### REQUIREMENT
Which lines run from the line with "REORIA Womens Halter" through the line with "Ronde tafel ANDROGYNE donker eikenfineer" in the entries below? Print them exactly, both ends included, and nothing more.

### INPUT MATERIAL
--- --- ---

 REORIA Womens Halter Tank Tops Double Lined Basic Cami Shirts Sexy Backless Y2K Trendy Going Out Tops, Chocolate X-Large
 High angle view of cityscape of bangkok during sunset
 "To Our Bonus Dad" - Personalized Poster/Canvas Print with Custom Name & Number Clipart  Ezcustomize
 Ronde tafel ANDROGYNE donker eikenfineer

--- --- ---

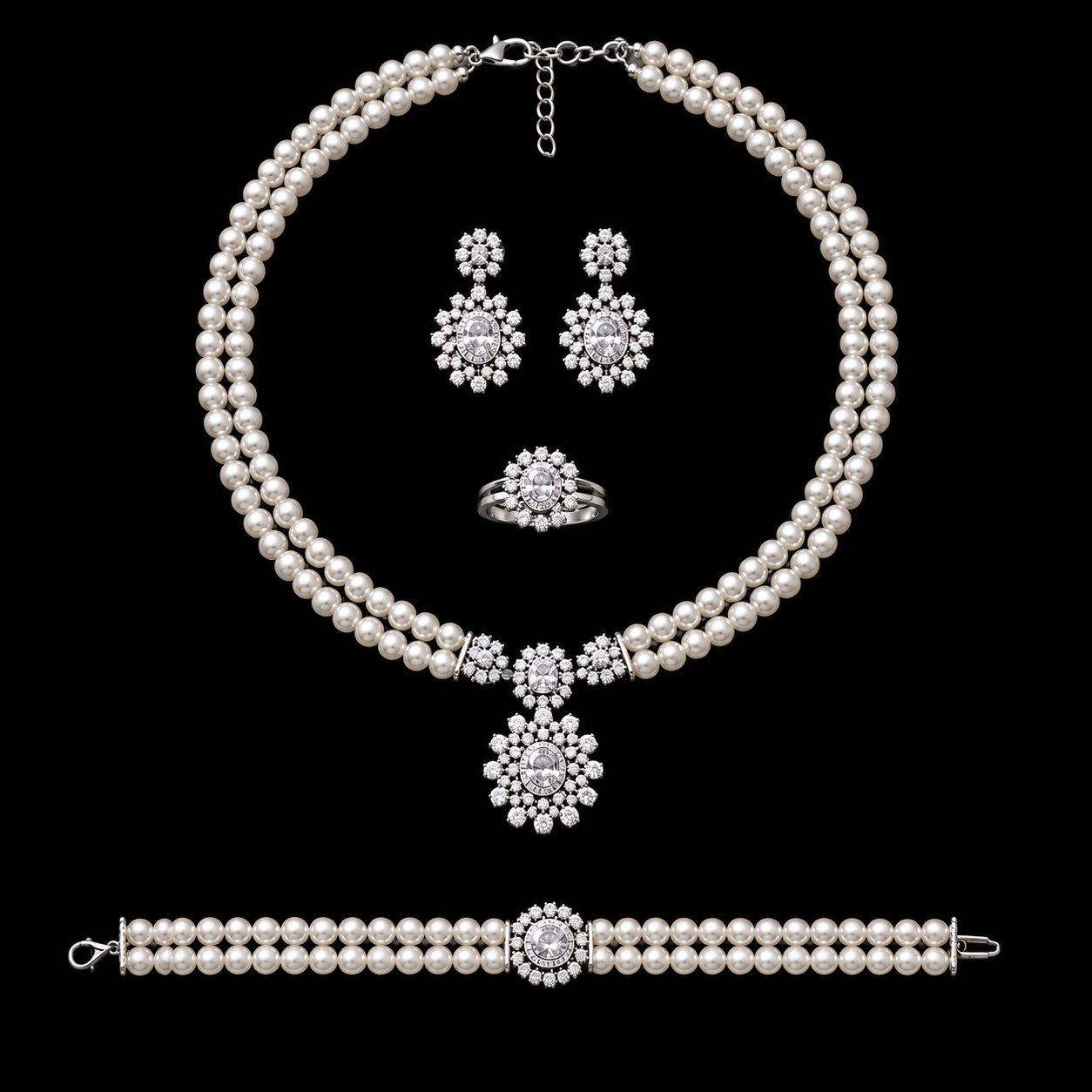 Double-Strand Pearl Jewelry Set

--- --- ---

### SOLUTION TO THE EXERCISE
 REORIA Womens Halter Tank Tops Double Lined Basic Cami Shirts Sexy Backless Y2K Trendy Going Out Tops, Chocolate X-Large
 High angle view of cityscape of bangkok during sunset
 "To Our Bonus Dad" - Personalized Poster/Canvas Print with Custom Name & Number Clipart  Ezcustomize
 Ronde tafel ANDROGYNE donker eikenfineer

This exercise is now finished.